- [WHAT THIS TASK INVOLVES]: Could you repeat all of the entries below word for word, apart from the pictures?

Pictures with short captions:
· · · · · · ·

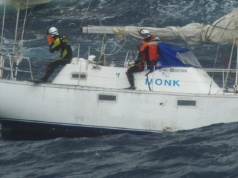Tragiczny wypadek przy japońskiej wyspie. Wywróciły się łodzie z uczniami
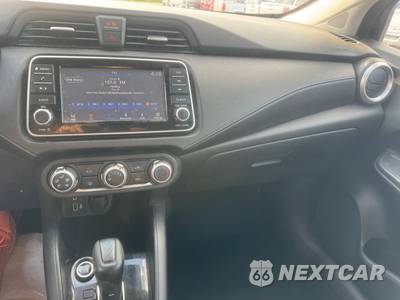 2020 Nissan Versa S - zdjęcie 12 z 12 - miniatura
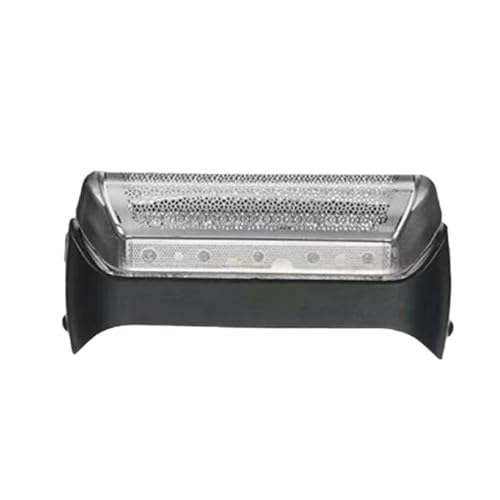 LIXSAZSE Flexibler und stabiler Scherkopf. Optimale Anpassung für präzise Rasur. Einfacher Austausch des Scherkopfgitters von LIXSAZSE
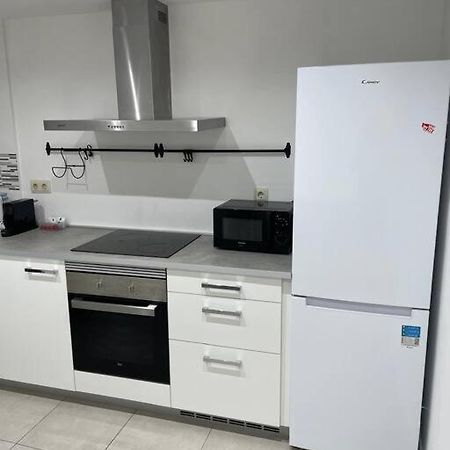 Appartamento Loft En Retiro Madrid Esterno foto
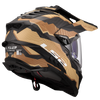 Casco LS2 MX701 C EXPLORER 2206 Carbon Trick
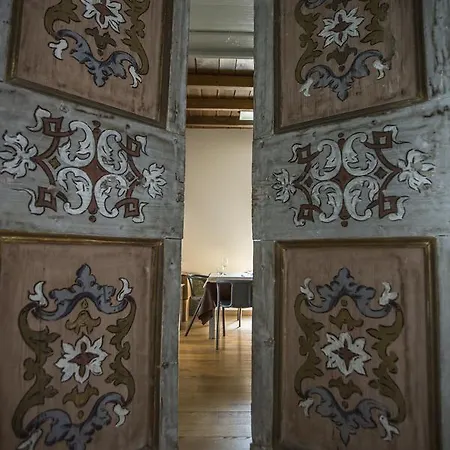 Inn Bibliosteria Ca Berizzi Galbiate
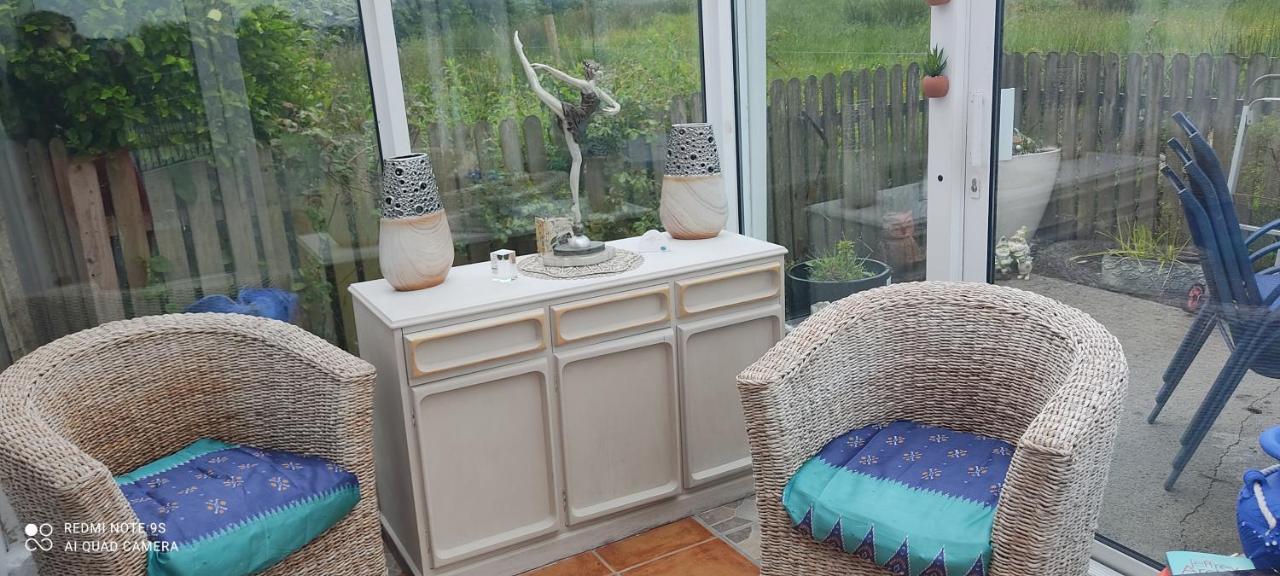 Cozy Cottage Retreat In Listowel Pet Friend Екстер'єр фото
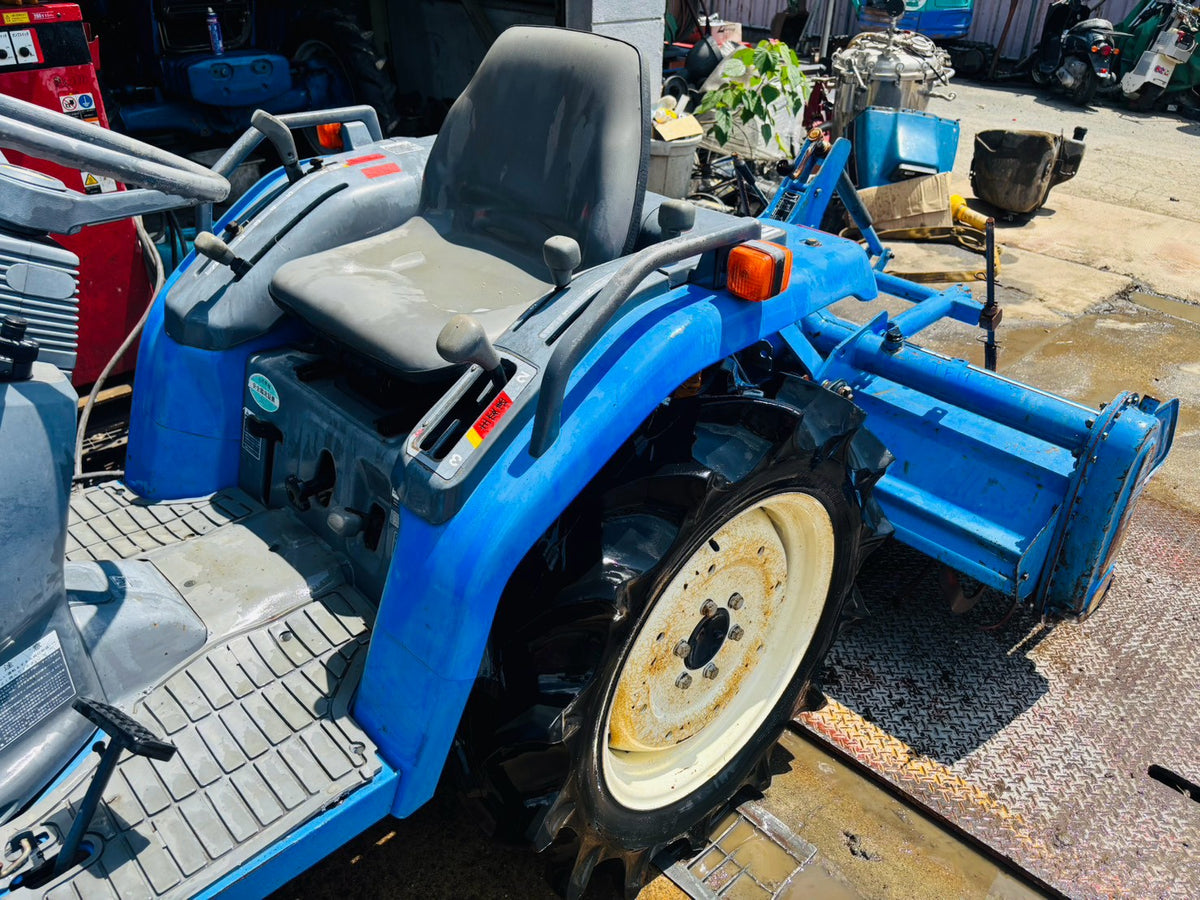 tractor/TF17/ISEKI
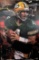 Brett Favre Packers MVP by Stephen Holland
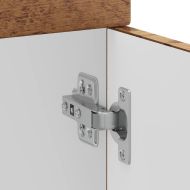 Кухненски шкаф, "Kalmar", старо дърво, инженерно дърво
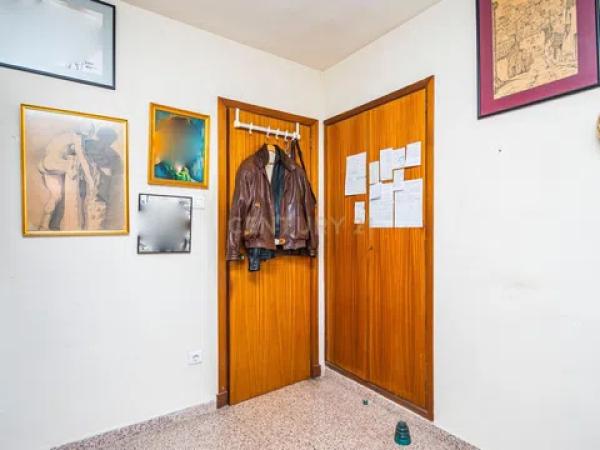 Piso en avenida de Alcalde Lorenzo Carbonell, 29 -23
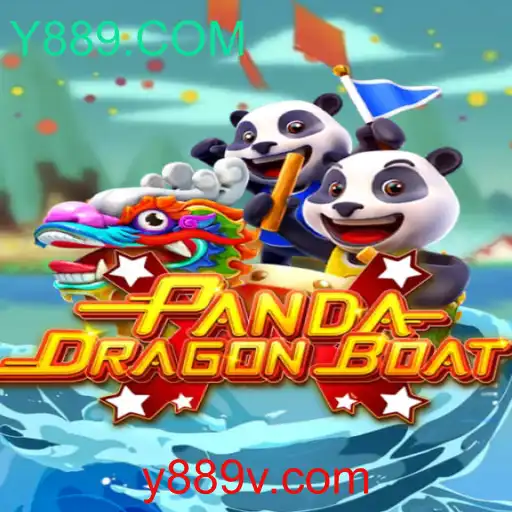 PANDADRAGONBOAT: Um Jogo de Estratégia e Habilidade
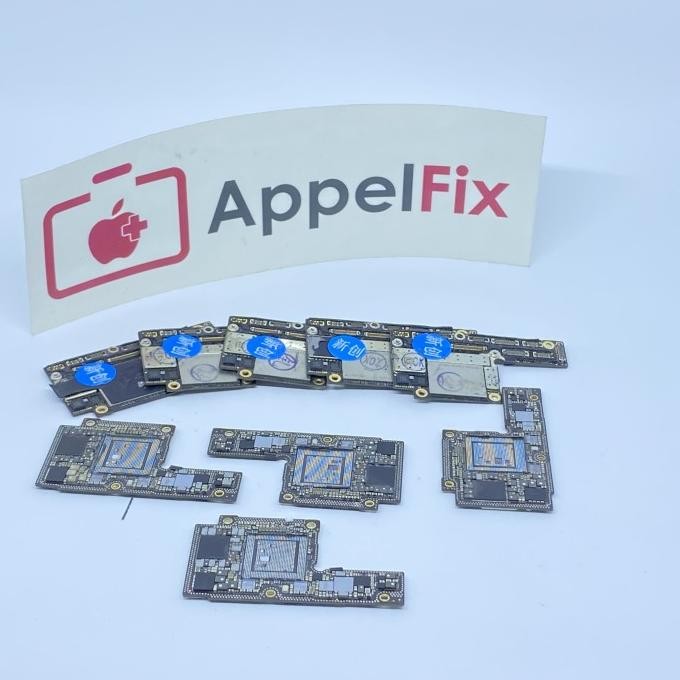 Sparepart hp / Mesin cnc iphone xs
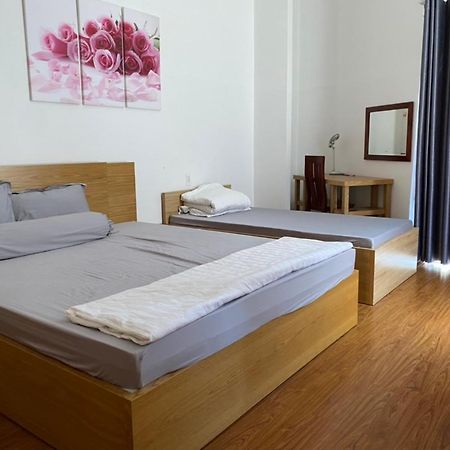 Pho Bien Homestay Phan Thiet Exterior foto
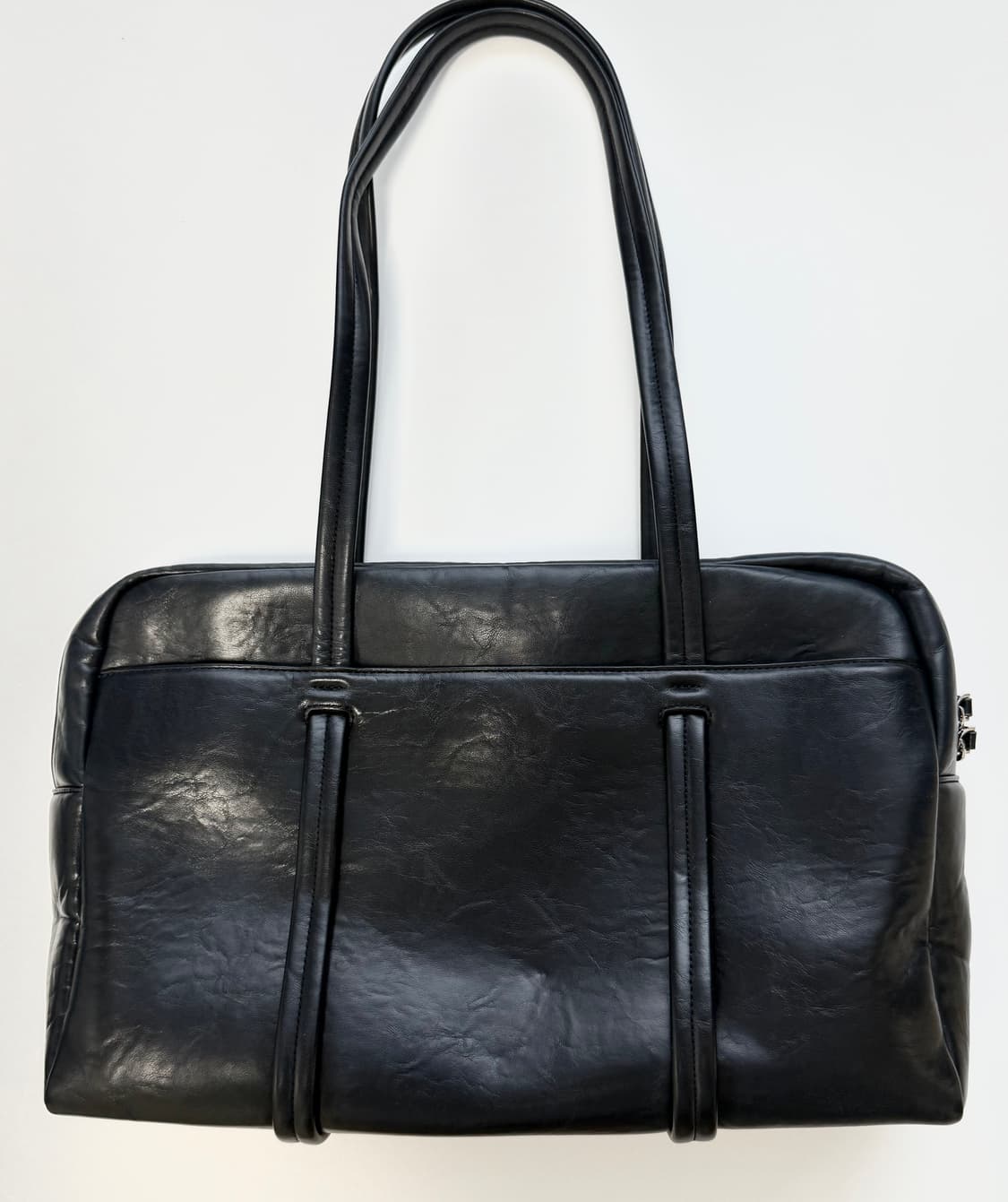 무신사 스탠다드 우먼 보부상 숄더백 상품이미지2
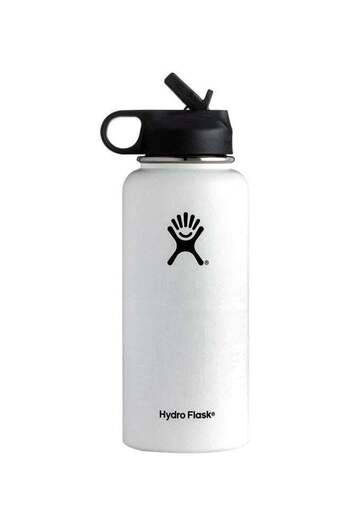 Hydro Flask Vacuum Insulated Water Bottle 946ml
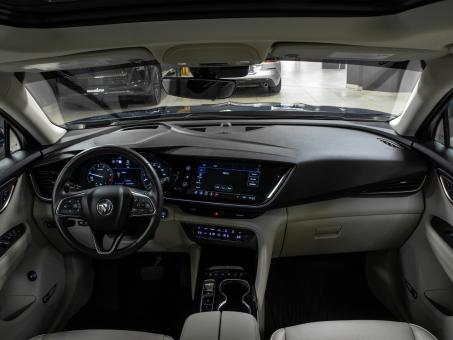 Buick Envision Avenir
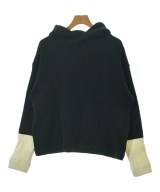 crepuscule パーカー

· · · · · · ·

- [YOUR SOLUTION]:
Tragiczny wypadek przy japońskiej wyspie. Wywróciły się łodzie z uczniami
 2020 Nissan Versa S - zdjęcie 12 z 12 - miniatura
 LIXSAZSE Flexibler und stabiler Scherkopf. Optimale Anpassung für präzise Rasur. Einfacher Austausch des Scherkopfgitters von LIXSAZSE
 Appartamento Loft En Retiro Madrid Esterno foto
 Casco LS2 MX701 C EXPLORER 2206 Carbon Trick
 Inn Bibliosteria Ca Berizzi Galbiate
 Cozy Cottage Retreat In Listowel Pet Friend Екстер'єр фото
 tractor/TF17/ISEKI
 Brett Favre Packers MVP by Stephen Holland
 Кухненски шкаф, "Kalmar", старо дърво, инженерно дърво
 Piso en avenida de Alcalde Lorenzo Carbonell, 29 -23
 PANDADRAGONBOAT: Um Jogo de Estratégia e Habilidade
 Sparepart hp / Mesin cnc iphone xs
 Pho Bien Homestay Phan Thiet Exterior foto
 무신사 스탠다드 우먼 보부상 숄더백 상품이미지2
 Hydro Flask Vacuum Insulated Water Bottle 946ml
 Buick Envision Avenir
 crepuscule パーカー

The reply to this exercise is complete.